[Stored data]
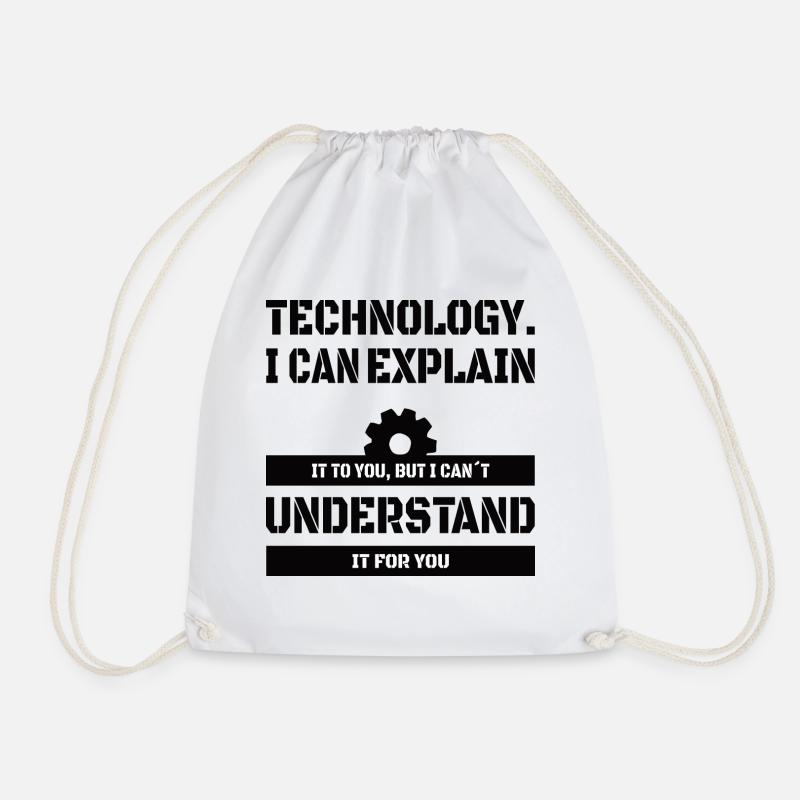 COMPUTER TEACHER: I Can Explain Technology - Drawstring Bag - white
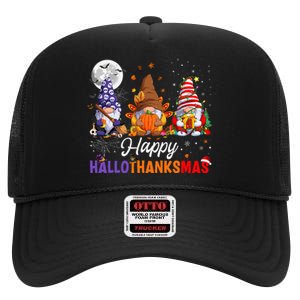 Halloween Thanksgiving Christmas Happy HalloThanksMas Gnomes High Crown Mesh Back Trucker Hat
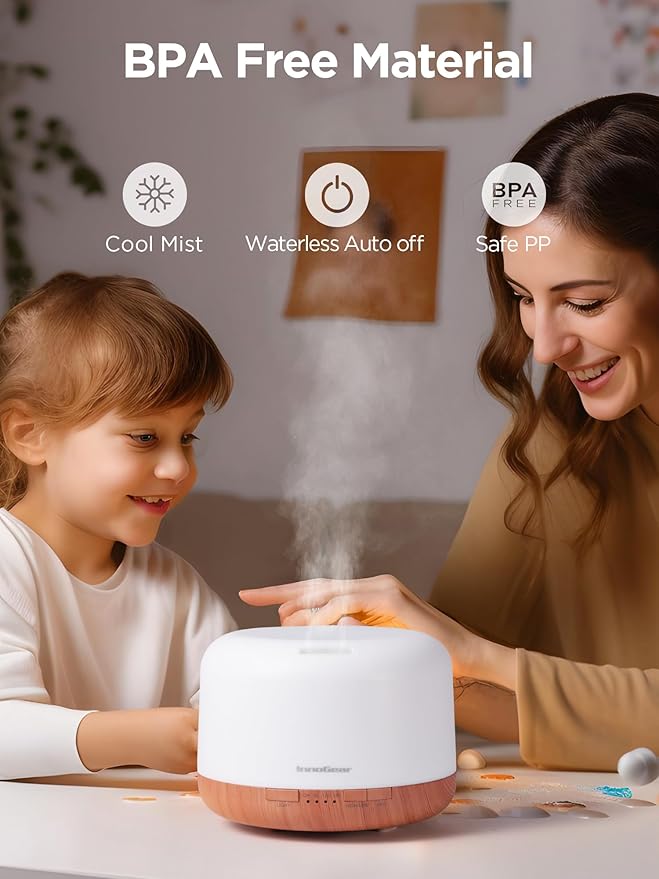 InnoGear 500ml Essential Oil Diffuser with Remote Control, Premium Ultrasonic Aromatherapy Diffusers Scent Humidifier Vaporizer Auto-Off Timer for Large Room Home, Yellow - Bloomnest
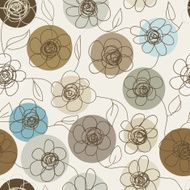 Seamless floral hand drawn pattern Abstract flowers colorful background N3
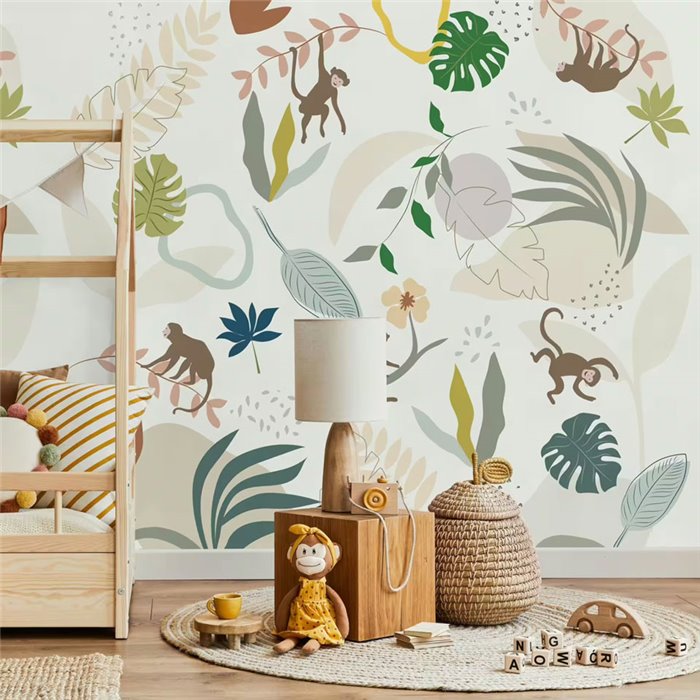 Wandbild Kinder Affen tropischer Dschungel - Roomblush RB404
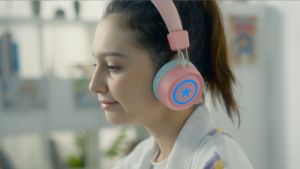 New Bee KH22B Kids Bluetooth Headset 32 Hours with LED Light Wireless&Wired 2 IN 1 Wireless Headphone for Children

## WHAT YOU WILL DO
In the reply, each line of the data must appear exactly as written, and no picture may appear.

## REPLY
 COMPUTER TEACHER: I Can Explain Technology - Drawstring Bag - white
 Halloween Thanksgiving Christmas Happy HalloThanksMas Gnomes High Crown Mesh Back Trucker Hat
 InnoGear 500ml Essential Oil Diffuser with Remote Control, Premium Ultrasonic Aromatherapy Diffusers Scent Humidifier Vaporizer Auto-Off Timer for Large Room Home, Yellow - Bloomnest
 Seamless floral hand drawn pattern Abstract flowers colorful background N3
 Wandbild Kinder Affen tropischer Dschungel - Roomblush RB404
 New Bee KH22B Kids Bluetooth Headset 32 Hours with LED Light Wireless&Wired 2 IN 1 Wireless Headphone for Children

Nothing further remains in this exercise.